Data shown Start Marker

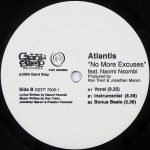 Atlantis Feat. Naomi Nsombi – No More Excuses 12'' Maxi Single Plak (Future Jazz) - Görsel 3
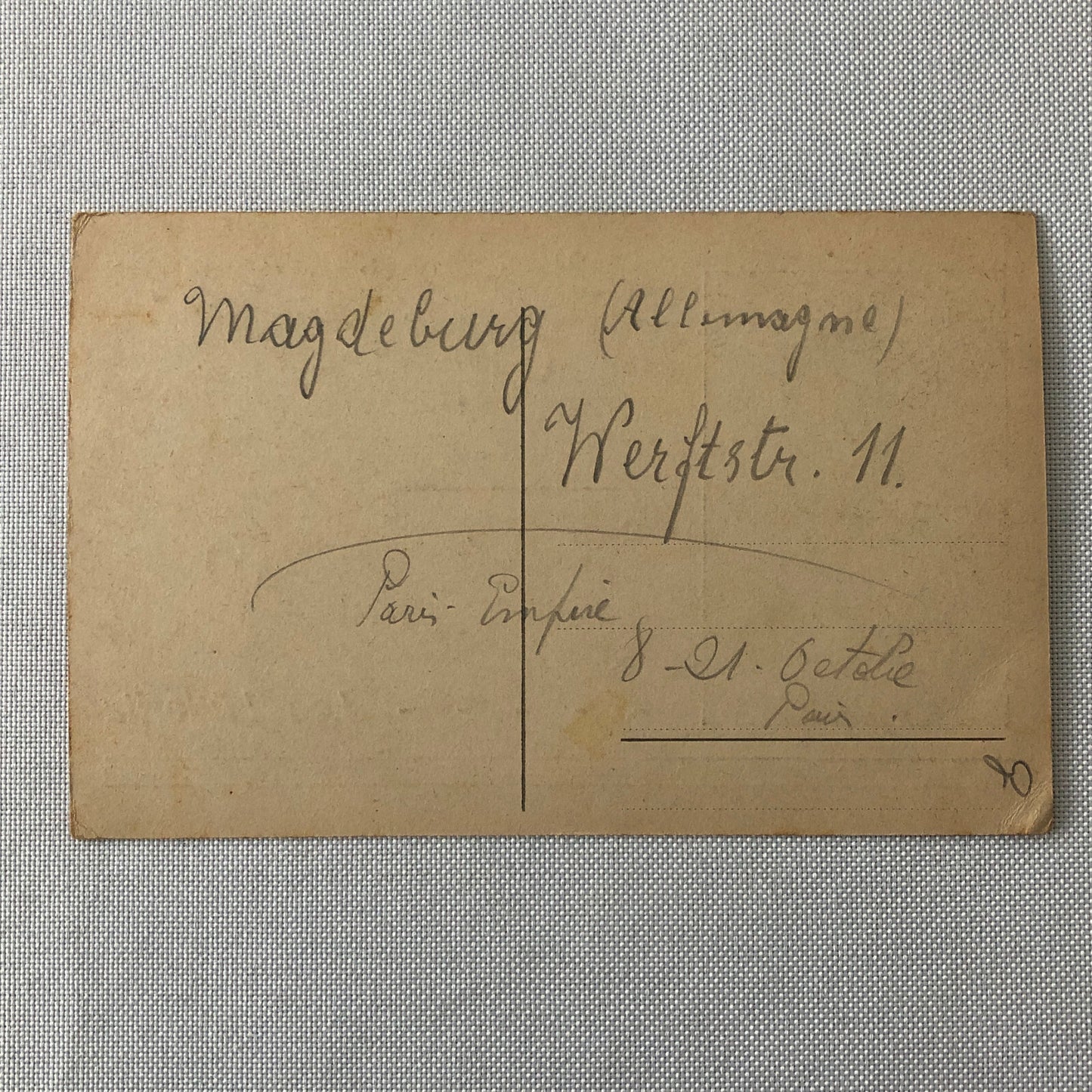 Circus Acrobat Act Performer Postcard Post Card Los Luderitz Vintage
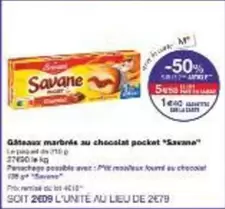 Pocket - Marbrée Au Chocolat offre à 2,79€ sur Monoprix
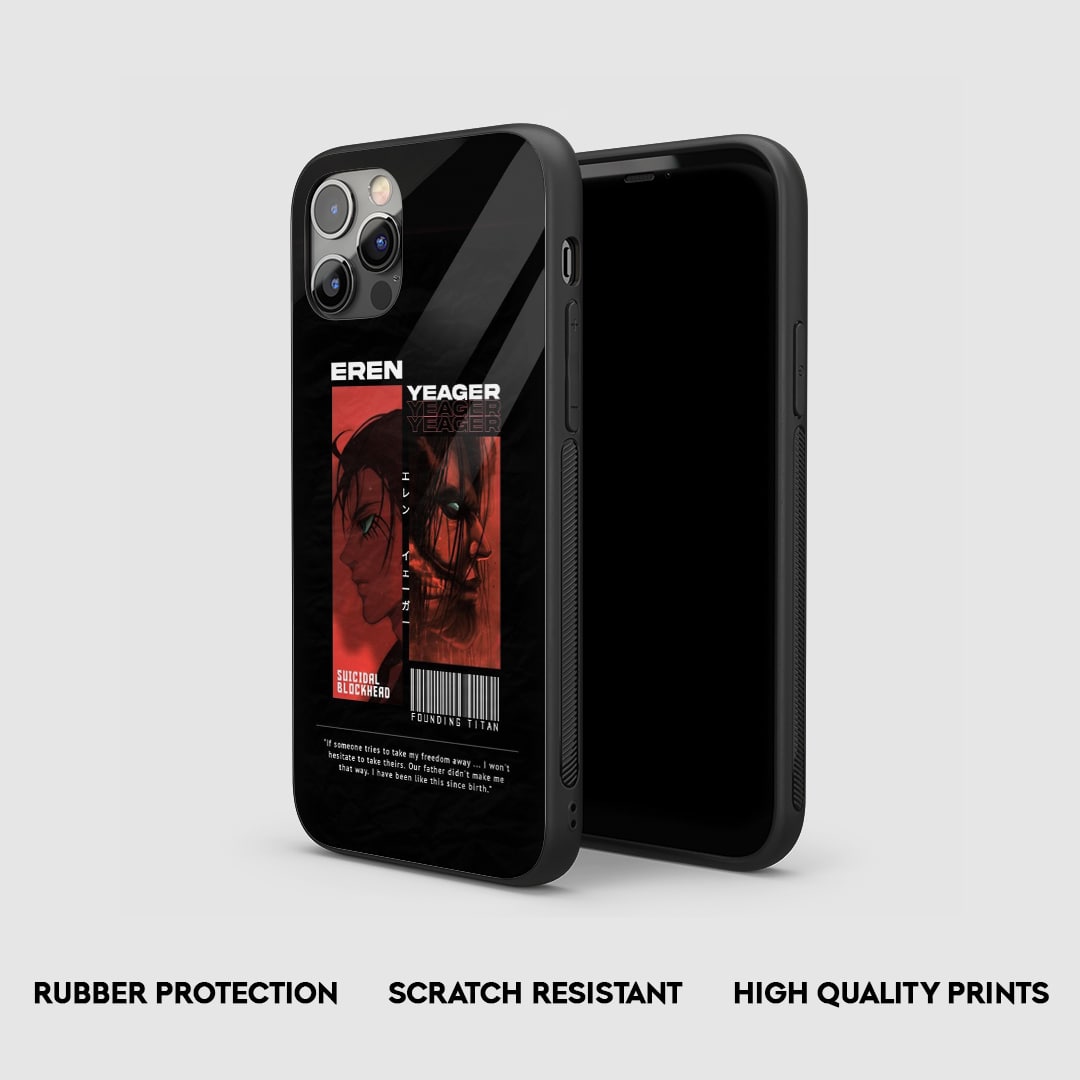 Eren Founding Titan Silicone Armored Phone Case by Anime Phone Cover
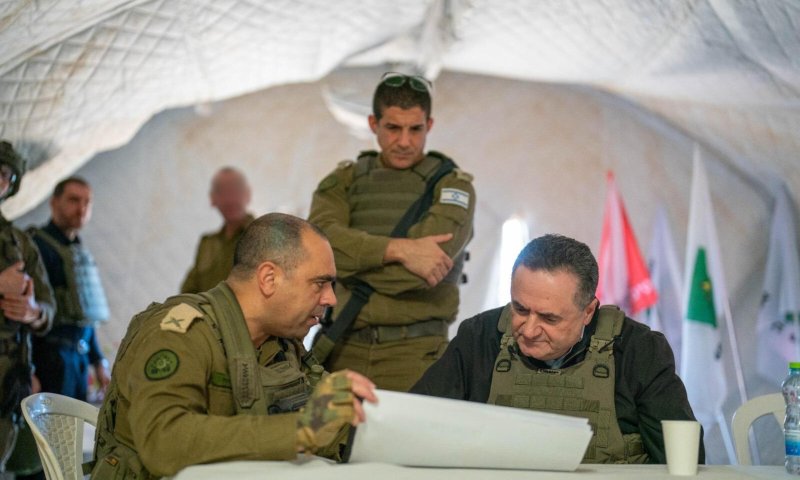 כ"ץ בלבנון: "או שלא יהיו כטב"מים, או שלא יהיה חיזבאללה"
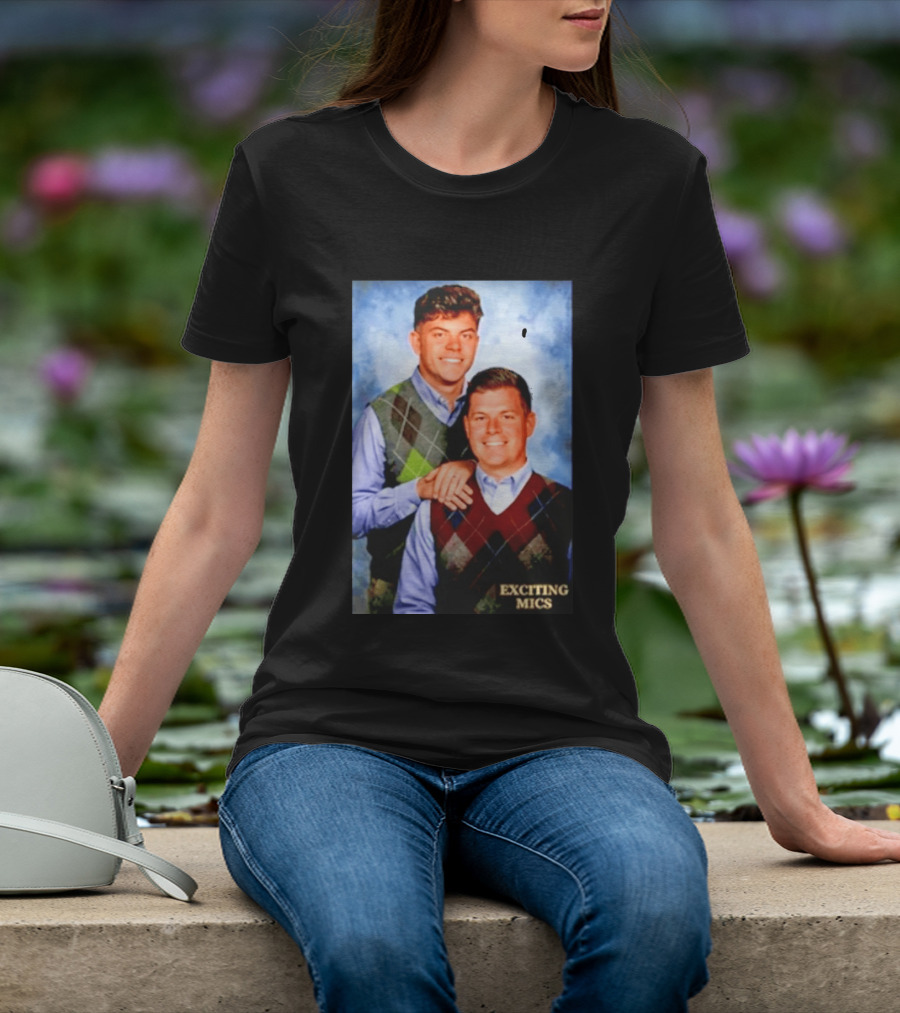 Cooper Dejean Reed Blankenship Step Brothers Exciting Mics T-Shirt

Data shown End Marker

**Work order:**
Excluding the pictures, retype the line containing "Pocket - Marbrée" and all lines after it down to the end of the data above.

**Exercise response:**
 Pocket - Marbrée Au Chocolat offre à 2,79€ sur Monoprix
 Eren Founding Titan Silicone Armored Phone Case by Anime Phone Cover
 כ"ץ בלבנון: "או שלא יהיו כטב"מים, או שלא יהיה חיזבאללה"
 Cooper Dejean Reed Blankenship Step Brothers Exciting Mics T-Shirt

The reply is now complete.